In this video I show footage from two different incidents in which a Great Gray Owl detects an “enemy”…in one case a Bald Eagle, and in the other a Common Raven. Note how the owl stretches itself vertically to become “skinny,” (concealment posture or erect alarm posture) and then backs up to be next to the trunk (presumably to blend in) and then presents its narrowest profile towards the raven or eagle.
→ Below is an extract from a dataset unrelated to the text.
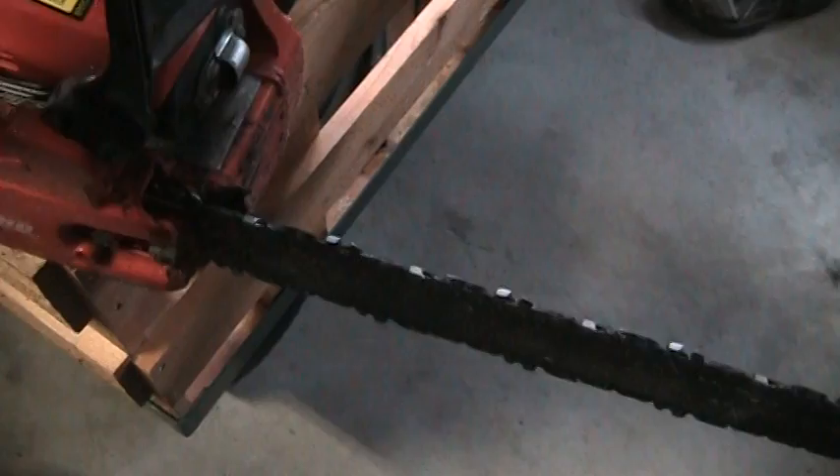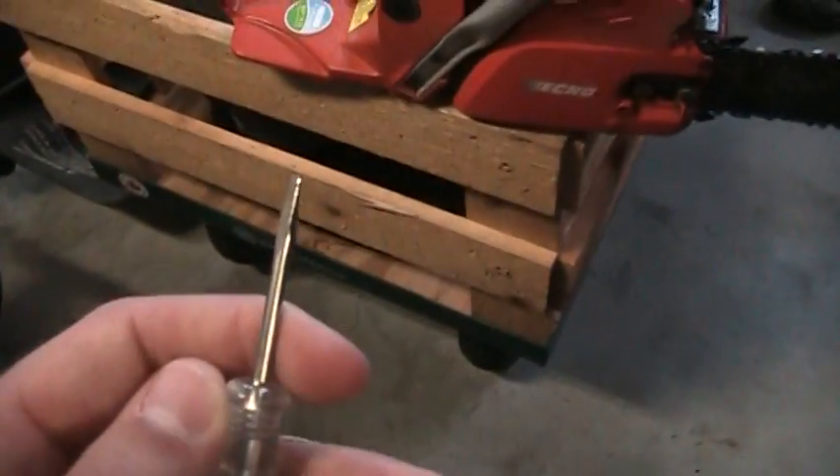Now I know on all Echo Chainsaws, the bar and chain oil flow is adjustable. And for most steel chainsaws as well. But this is for Echo Chainsaws, so I'm showing you how. And on the CS370, it is a flat head screw.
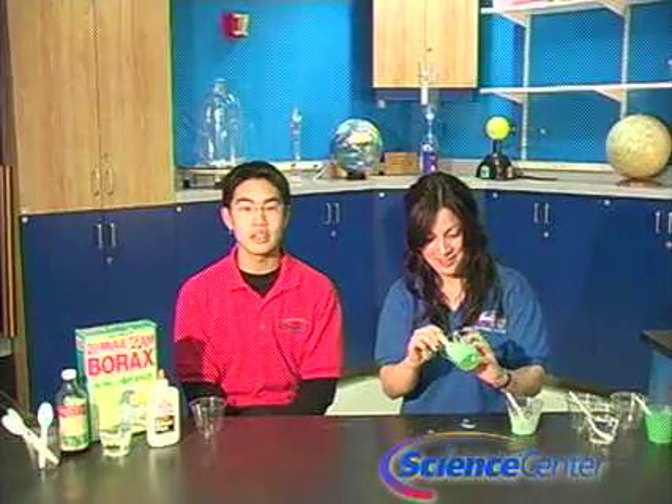Hello and welcome to February's edition of This Month's Experiment from the Reuben H. Fleet Science Center in San Diego, California. I'm Nicole Schiffer. And I'm Peter Soy. Strange Matter is a new exhibit coming to the Fleet on February 9th. To get you in the spirit for this wacky and wild exhibition, we're going to lead you through an experiment that we call Polymer Putty.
So the question is, Why would a Great Gray not want to be detected by a raven or an eagle? The well-known Canadian Great Gray Owl researcher, Robert Nero, wrote a neat book about a captive Great Gray called Lady Grayl: Owl with a Mission. In it he says that he’s only witnessed it once in the wild and that was when an immature Bald Eagle flew a hundred meters over a perched Great Gray. He goes on to say that even though Bald Eagles rarely bother Great Grays, this bird was probably not responding to the species of raptor, but rather the raptor image…”Better to be safe than sorry!”
Filmed in the Sax-Zim Bog of northern Minnesota. Ironically, the eagle incident was filmed on March 3, 2011, exactly one year before the raven footage.